The above might be a slight exaggeration, but it's beginning to feel that way.


There's no doubt that RSL is currently the best MLS has to offer. It's a wonderful thing then that it's them down in Mexico flying the flag for the league, and to a lesser extent, the American game. Most of us truly believe they have a chance to "make history." If you buy that it's important for MLS to break through and win this particular competition, either because it provides entry into the Club World Cup or just because doing so gives the league more credibility, you couldn't ask for a better representative. RSL just getting this far is reason to puff out our chests a bit.


If you're an MLS booster, that is. If you're the type to use the #MLS4RSL hashtag, slap the corresponding Twibbon on your Twitter avatar and see the video messages from players around the league as a cool nod to solidarity, whether you're a fan of RSL or not. If the very idea of rooting on a team that's not your own doesn't make you want to retch. If you appreciate MLS as a league that needs all the success it can get in international competition to further legitimize itself in a country full of soccer snobs ever-ready to tear it down.


But let's be clear: no one is under any obligation to root for RSL. It's even okay to root against them, if your passion for your own club runs that deep (so deep you can't stomach pulling for a league rival) or your distaste for Real Salt Lake is that substantial (like, say, if you really, really hate their name). At some point, MLS will mature beyond the all-for-one mentality and start acting like a big boy soccer league. RSL represents MLS, and therefore has the backing of so many, because the league hasn't yet established itself as an equal to the Mexican Primera. #MLS4RSL is rah-rah solidarity, but it's also the manifestation of an inferiority complex.
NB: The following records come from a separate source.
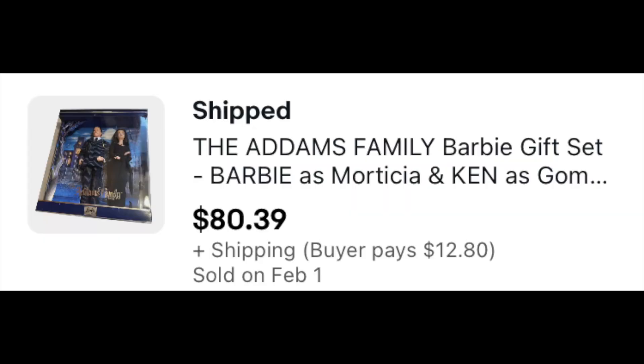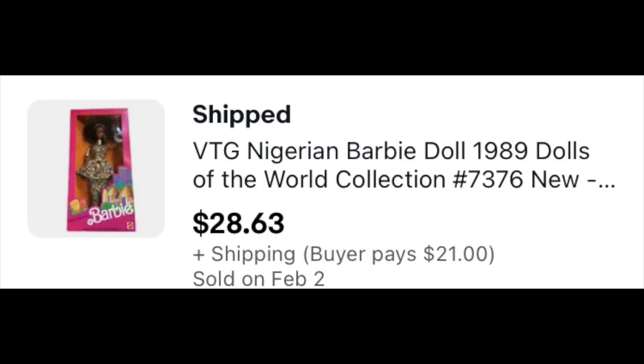Also, the Addams Family Barbies that were sitting behind me in the last video — they're not here anymore because they're on the road. Addams Family is headed somewhere in California — that one sold for $80.39 plus shipping. Then we've got the Nigerian Barbie from the Barbies of the World collection, going to the UK for $28.63 plus shipping.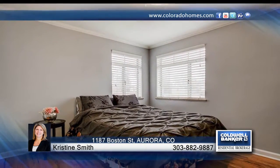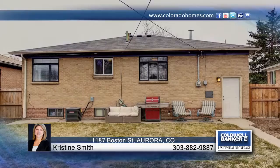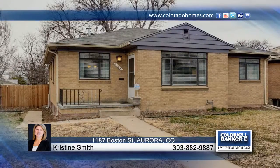Live in a great location just blocks from Lowry, Stapleton, and downtown when you contact Kristen Smith to make this home yours.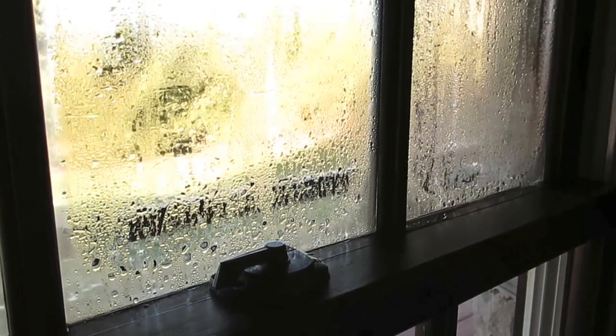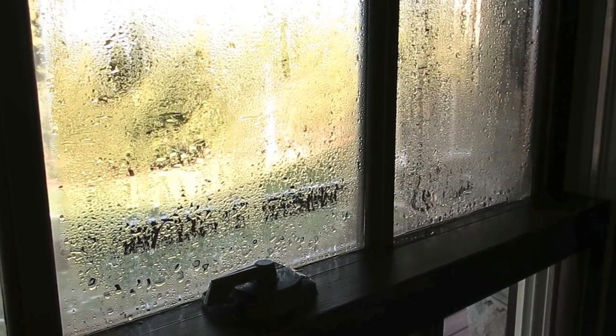Now when people set out to buy windows, they're often thinking a more expensive window is a warmer window and they'll save energy — and that's true. But what's also true is that a warmer window is much less likely to form condensation on the inside, which is an ongoing problem for some people, especially in very cold climates like where we live.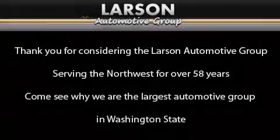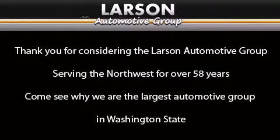Thank you for considering the Larson Automotive Group, serving the Northwest for over 58 years. Come see why we are the largest automotive group in Washington State.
Though it's hard to argue that MLS isn't inferior to the Mexican league, prompting the question of whether it is in fact a complex at all. It's understandable that fans from disparate teams—none of whom have developed enough hatred for RSL for it to be an impediment to rooting for them—are marshaling behind the first MLS team to make the Champions League final since the switch to this format, because MLS has yet to check this accomplishment off its to-do list. Everyone is green. The league's trier, underdog status lends itself to a communal feeling impossible almost everywhere else. There's hasn't been enough history to build up the enmity needed for non-RSL sympathizers to hope the American side falls flat against whomever they happen to be playing.


The US-Mexico rivalry muddies the emotional waters. The record of MLS teams in Mexico makes it easier to get on board the bandwagon of any team travelling there. Most of us just want that first domino to fall and for the duck to be broken. It's another on the list of "things that might make MLS less easily dismissed" that everyone would like to see accomplished. With the first one out of the way, and MLS taking a very real step in the direction of equality with the Primera, perhaps the floodgates will open. Next thing you know, MLS will be dominating. Until then, we feel the need to the do American soccer equivalent of Hands Across America.


MLS is missing the mutual dislike, outside of the most ardent supporters, that gives sports an intoxicating edge. Any league where something like #MLS4RSL seems natural clearly has a way to go before the temporary supports can be removed and the construct can stand on its own. MLS retains—and RSL's banner-carrying status reinforces this—the feeling of a missionary organization meant to spread the word of soccer throughout a heathen land rather than that of a collection of independent clubs each with their own culture and character. Time, and doses of outside success to better ameliorate the inferiority complex bit by bit, are the only things that can change that.


Which is why we should root for RSl to win this final series and get that monkey off the league's back. Not because it will bring glory to MLS necessarily, or because we should have any particular affinity for RSL, but because it will speed American soccer's maturation.


One day there won't be a need for #MLS4RSL. It won't even occur to anyone, much less those at the league's offices, to start such a campaign. It won't fit, won't feel right for anyone involved. The community will have changed. Loyalty from our teams won't extend to the league.


Less camaraderie. But less inferiority, too.